アムウェイが是正策、カギ握る「紹介カード」

    特定商取引法違反による処分期間を終えて新規勧誘、契約締結業務を再開した日本アムウェイが従来のルールを大きく見直し、 自主規制の強化を図った。処分で認定された違法行為の排除等を目的に、会員による説明の前に被勧誘者の同意をオンラインで得る手続きや、 入会の形式を愛用会員に限り、最低20日経過しないとビジネス会員に移行できない仕組みを導入。今後は、 これら取り組みが再発防止にどれだけの効果をあげるのかが問われてくる。
 通常業務を再開した4月14日、同社は「新アムウェイ登録制度」と呼ぶルールの運用を開始。従来の勧誘・登録プロセスとの違いは、 被勧誘者に対する「アムウェイご紹介カード」の提示と説明を受けることへの同意の取得、「プライムカスタマー」 限定の申込の受付と登録から20日以上経過後の「ABO」移行、会社による概要書面の直接送付などとなる。
 このうち「アムウェイご紹介カード」は、処分で認定された勧誘目的等不明示、 公衆の出入りする場所以外の場所での勧誘という2つの違法行為の再発を防ぐ上で重要なカギを握る。
 カードは、スマートフォン等で表示するデジタル形式で、そのシェアリンクをSNSや電子メールなどで被勧誘者に送信。 リンクを辿ってカードにアクセスしてもらい、会員から製品等について説明を受けることの同意欄へのチェックと、 被勧誘者自身の氏名の入力を行ってもらう。同意を得たことの確実性・証拠性を高めるため、紙媒体のカードは採用していない (会員の強い要望がある場合は紙のカードも提供)。
 例えば、電話で「いい話がある」としか告げずにアポイントを取り、会った際に連鎖販売登録を勧誘すれば、目的不明示違反に抵触し得る。 その勧誘の場が公衆の出入りのないスペースなら、刑事罰の可能性まで浮上してくる。
 このようなリスクを排除するには、電話の段階で「アムウェイご紹介カード」のシェアリンクを送信し、 同意を得た上で約束した日に会うといった手続きがベターとなってくるはずだろう。対面したその場で、 説明を始める直前にカードを介して同意を得ようとしても、「そのような目的であれば来なかったのに……」といった反応を生じかねない。
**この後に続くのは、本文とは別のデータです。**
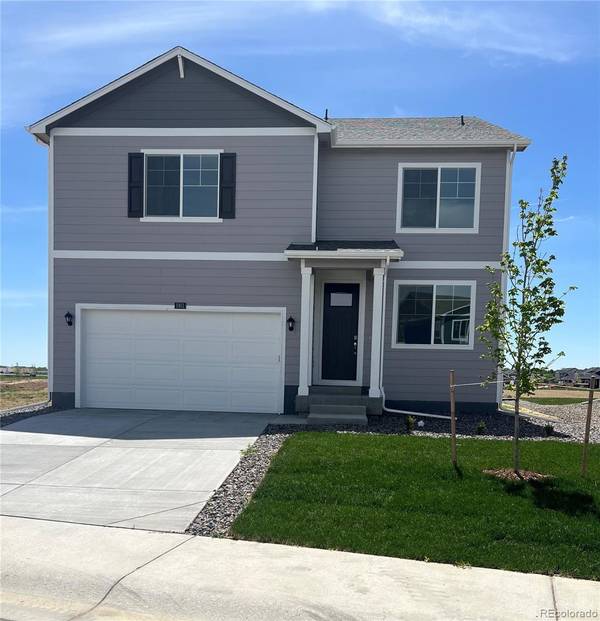 5951 Amerifax DR, Windsor, CO 80528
 昨年の処分では、SNSでつながり、女子会と称する食事会を口実に呼び出した被勧誘者に対して、食後に突然、勧誘を始めたという事例が含まれた。 これも、食事を始める前までに目的を明らかにしていなかった点を不明示と認定されている。新ルールの浸透を図る際は、 「アムウェイご紹介カード」をどのタイミングで活用するのが適切かという点も具体的に伝えていく必要があるのではないか。